● THE DATA
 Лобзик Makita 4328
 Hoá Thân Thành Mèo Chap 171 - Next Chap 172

...

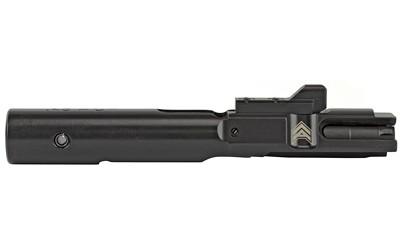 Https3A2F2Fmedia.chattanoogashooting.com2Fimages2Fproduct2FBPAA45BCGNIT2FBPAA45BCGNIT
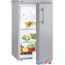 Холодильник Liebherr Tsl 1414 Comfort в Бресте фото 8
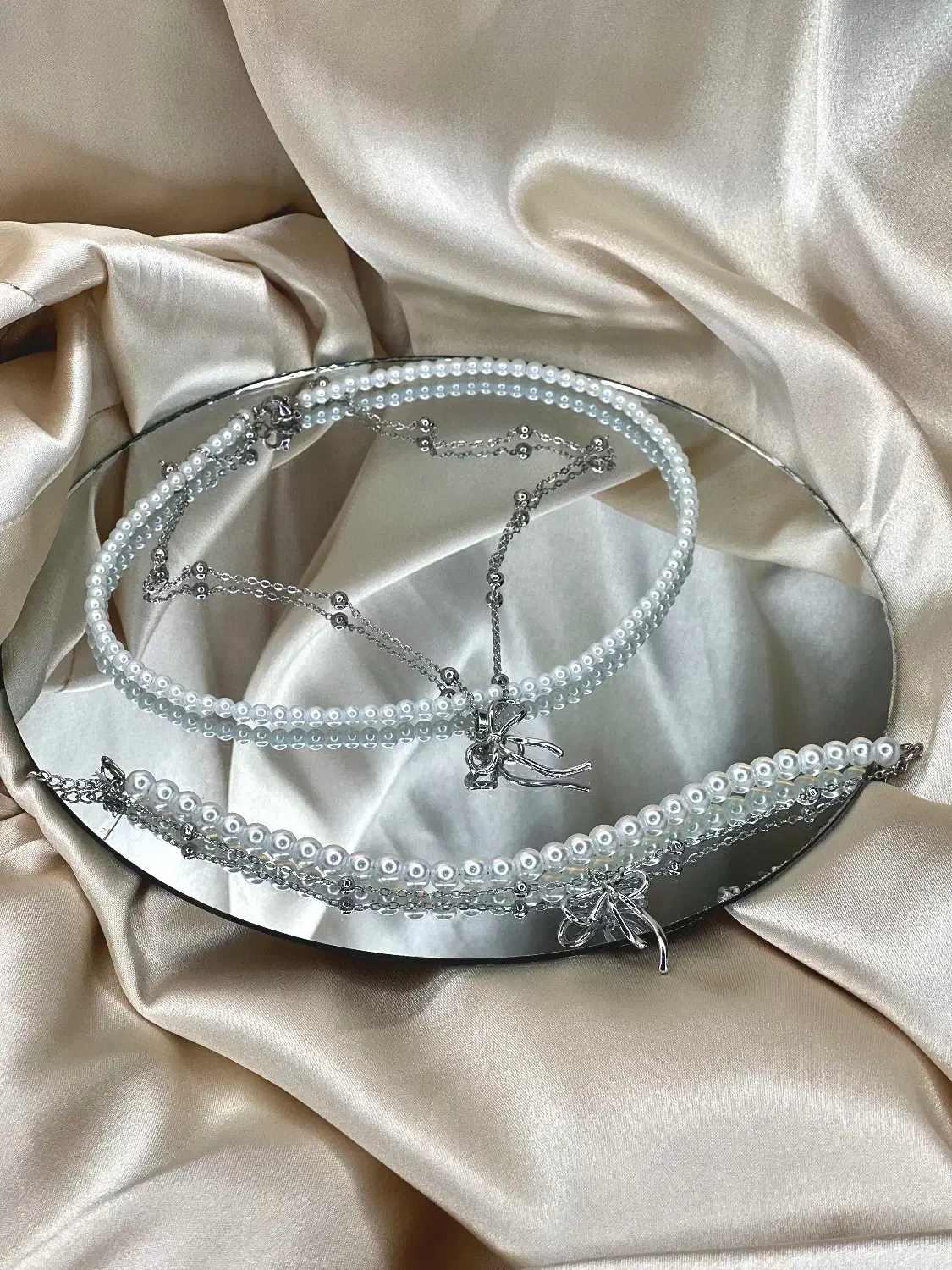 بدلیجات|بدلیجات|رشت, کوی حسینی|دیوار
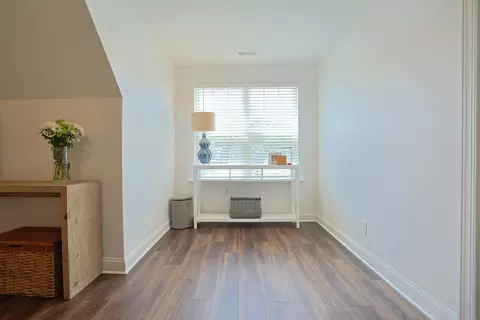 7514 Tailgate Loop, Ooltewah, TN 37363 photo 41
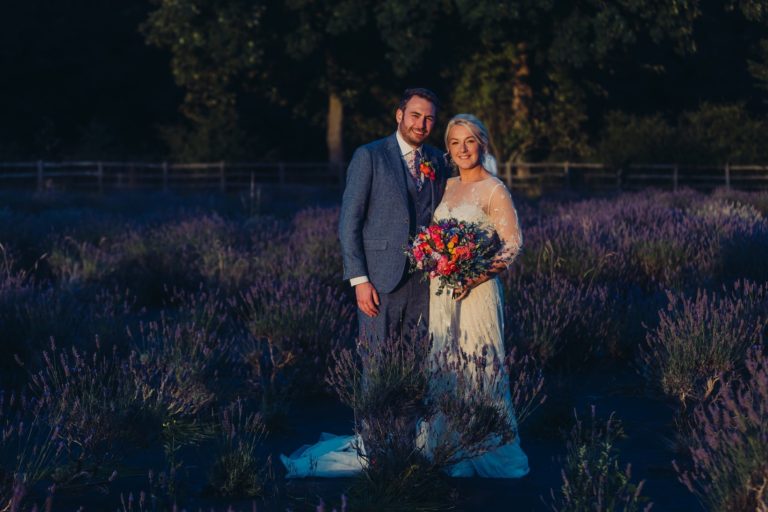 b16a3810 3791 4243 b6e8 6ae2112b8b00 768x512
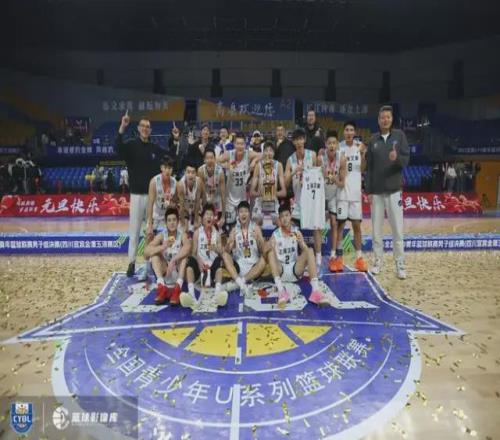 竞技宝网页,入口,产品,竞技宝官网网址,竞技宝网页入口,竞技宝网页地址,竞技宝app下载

● WORK ITEM
Exactly the lines above from the one with "Лобзик Makita 4328" to the one with "Hoá Thân Thành Mèo Chap 171 - Next Chap 172", both included, are to be quoted; leave the rest out.

● EXERCISE ANSWER
 Лобзик Makita 4328
 Hoá Thân Thành Mèo Chap 171 - Next Chap 172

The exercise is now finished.